Daiichi Sankyo’s EZHARMIA (valemetostat tosilate) has been approved in Japan for the treatment of adult patients with relapsed or refractory peripheral T-cell lymphoma (PTCL). EZHARMIA is now the first dual inhibitor of EZH1 and EZH2 to be approved for PTCL after receiving SAKIGAKE designation for this indication.
PTCL is a group of rare and often aggressive blood cancers, which represent about 10 to 15% of all non-Hodgkin lymphomas (NHL). PTCL is more common in Asia, including in Japan, compared to other parts of the world. A majority of patients with PTCL experience disease progression following initial treatment with a multi-drug chemotherapy-based regimen and median overall survival following relapse is approximately 5.8 months.
The approval of EZHARMIA by the Japan Ministry of Health, Labour and Welfare (MHLW) is based on results of the VALENTINE-PTCL01 phase 2 trial, which were presented at the 2023 American Society of Hematology (ASH) Annual Meeting. In VALENTINE-PTCL01, an objective response rate (ORR) of 43.7% (n=52, 95% CI: 34.6-53.1) was observed for EZHARMIA in 119 efficacy evaluable patients with relapsed or refractory PTCL as assessed by CT-based blinded independent central review (BICR). Seventeen complete responses (CRs) and 35 partial responses (PRs) were observed. Responses were seen across a variety of PTCL subtypes including angioimmunoblastic T-cell lymphoma (AITL), PTCL not otherwise specified (PTCL-NOS) and other PTCL subtypes.

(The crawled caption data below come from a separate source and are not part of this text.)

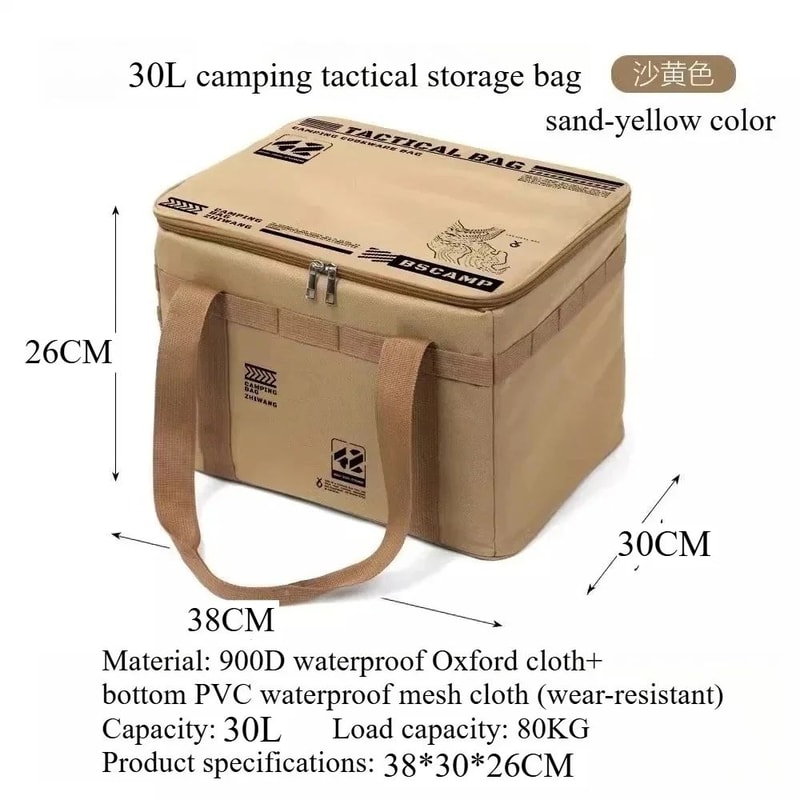 Outdoor Storage Bag Large Capacity Folding Camping Storage Box Waterproof Portable 10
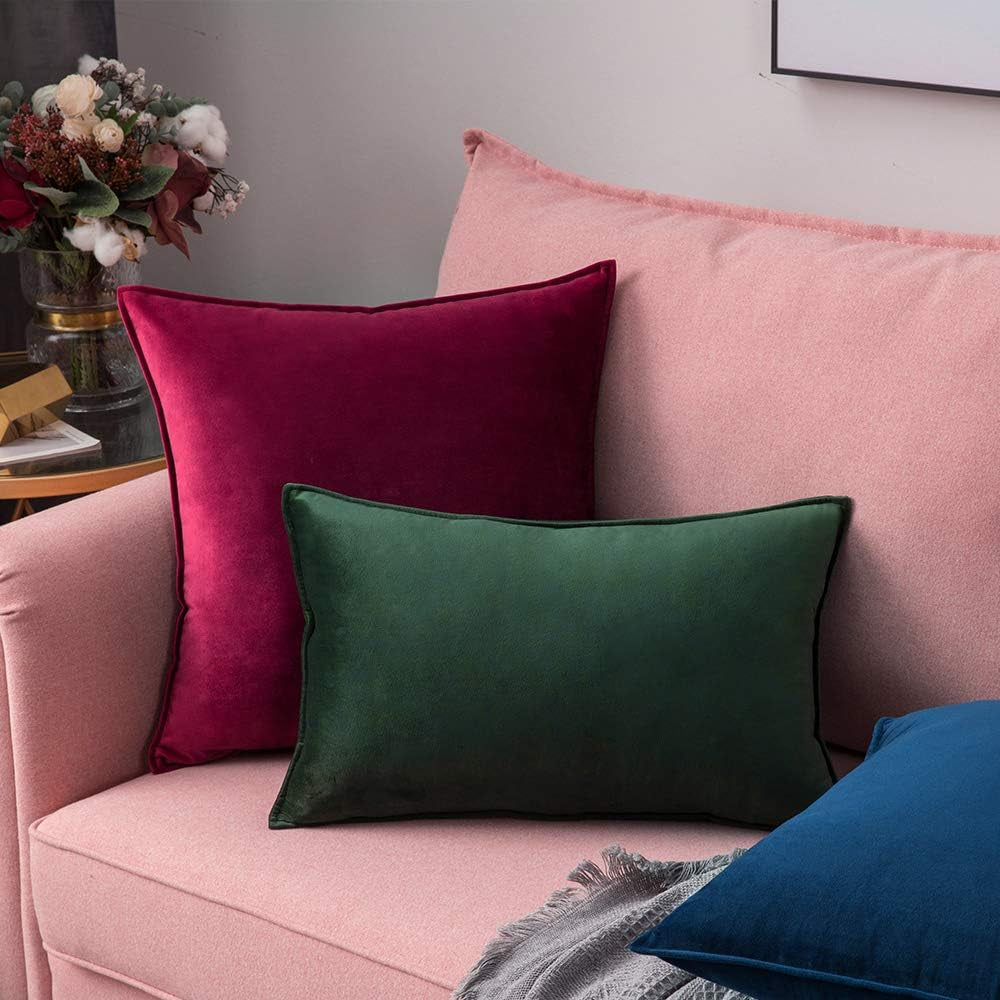 Pack of 2 Decorative Velvet Throw Pillow Cover Soft Pillowcase Solid Square Cushion Case for Sofa Bedroom Car 16X16 Inch Army Green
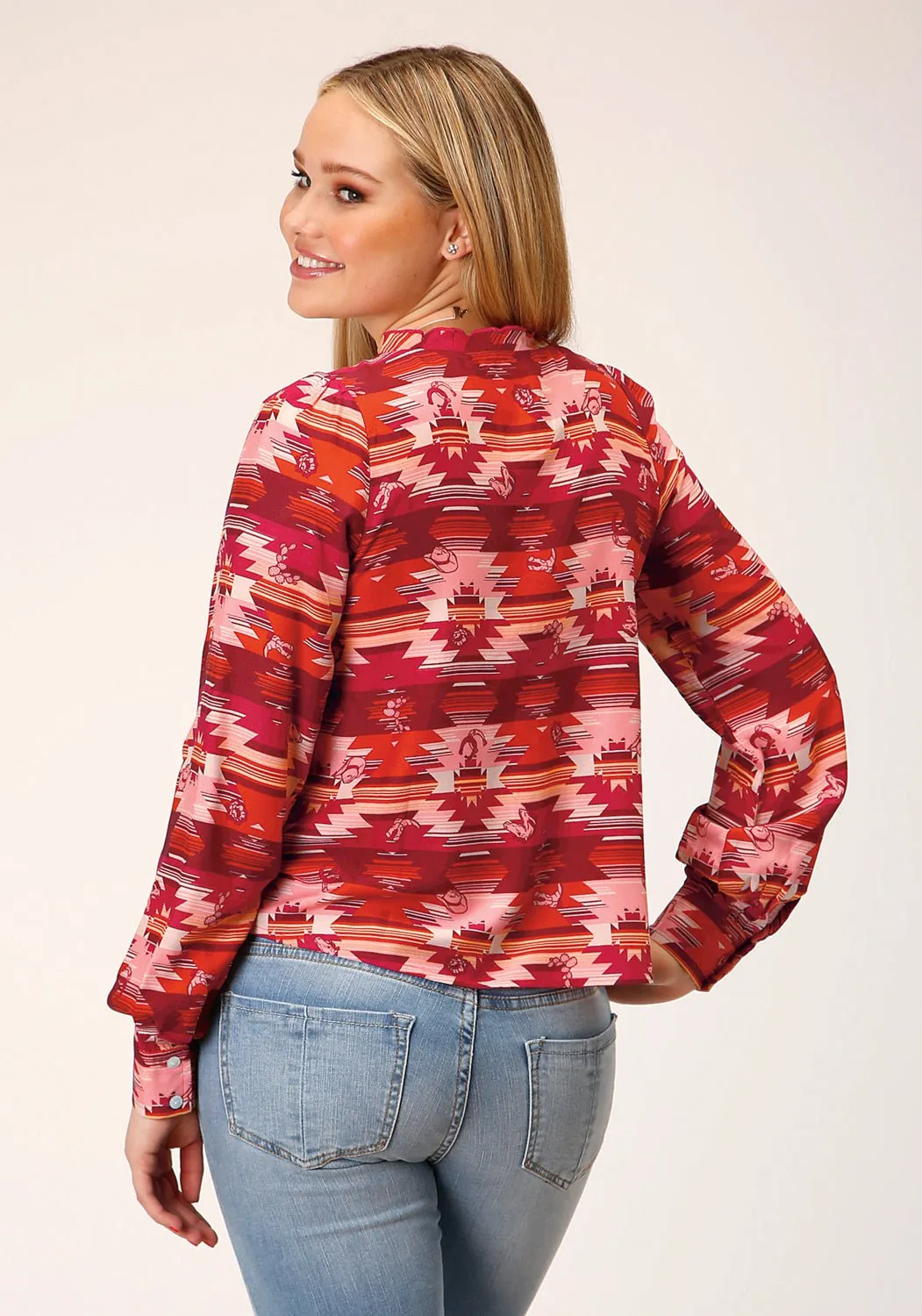 Polished Style Odor control Roper Womens Icon Aztec Red Rayon/Nylon L/S Blouse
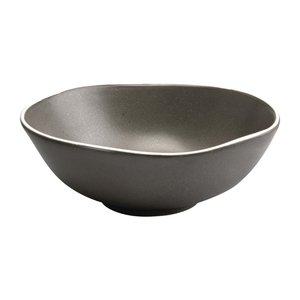 OLYMPIA Porselein  Poké bowl - slakom - pastabord small 15,5 cm Chia donkergrijs porselein
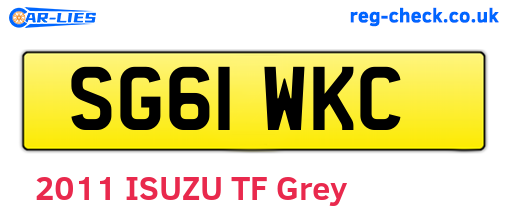 SG61WKC are the vehicle registration plates.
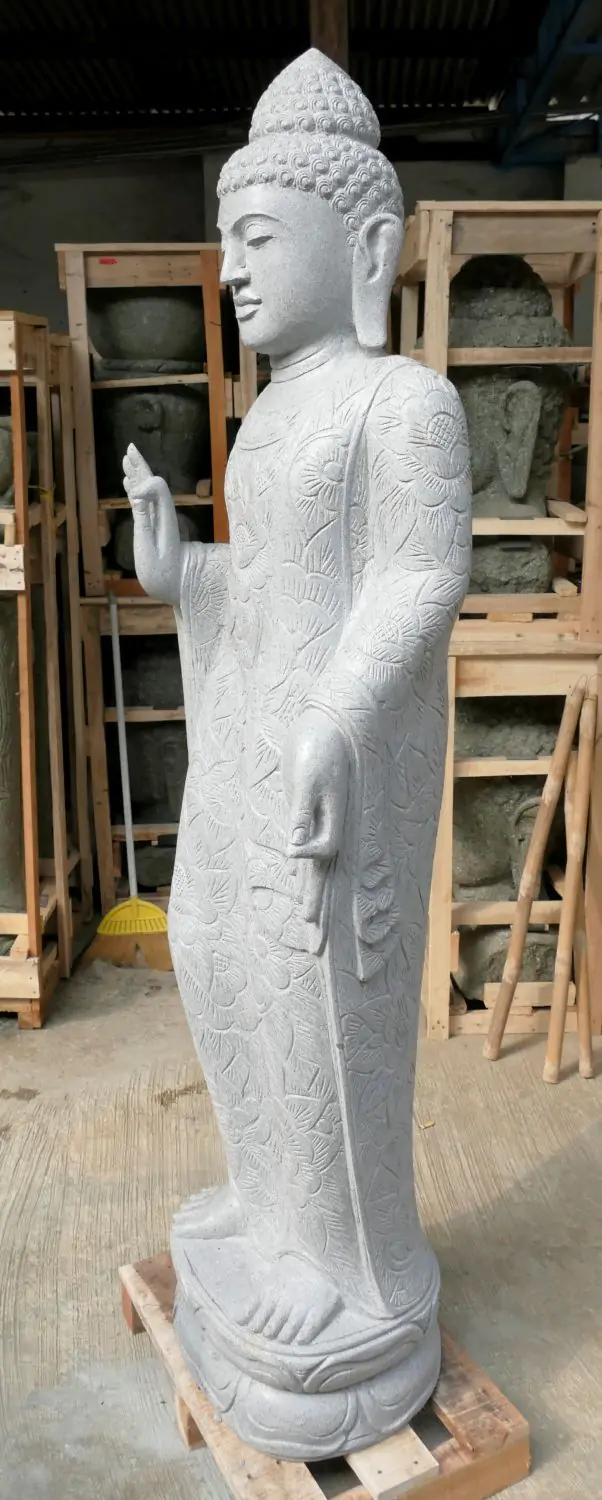  Product image 4 of the product “Standing Buddha with floral carving, Abudaya position. 50 x 32 x 178cm. Natural stone (river stone), stonemasonry ”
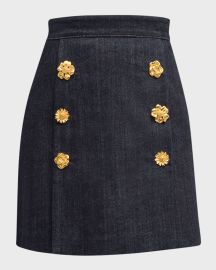 Adam Lippes Flower Button-Front Stretch Denim Mini Skirt at Neiman Marcus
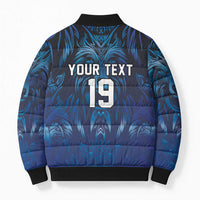 Custom Rugby Italy Bomber Puffer Jacket Azzurri Wolf Mascot Design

“This second indication for EZHARMIA in Japan is an important advance for the treatment of relapsed or refractory peripheral T-cell lymphoma, as new and effective treatment options are needed to improve patient outcomes,” said Toshinori Agatsuma, PhD, Executive Officer, Head of R&D Division in Japan, Daiichi Sankyo. “EZHARMIA exemplifies the innovative research being conducted by Daiichi Sankyo aimed at creating new medicines with potential to change the standard of care for patients with cancer.”
The safety profile of EZHARMIA in VALENTINE-PTCL01 was consistent with previous clinical trials. Treatment-related adverse events occurred in 106 of 133 patients (79.7%) with the most common including platelet count decrease (44.4%), anemia (27.1%), dysgeusia (24.8%) and neutrophil count decrease (21.1%).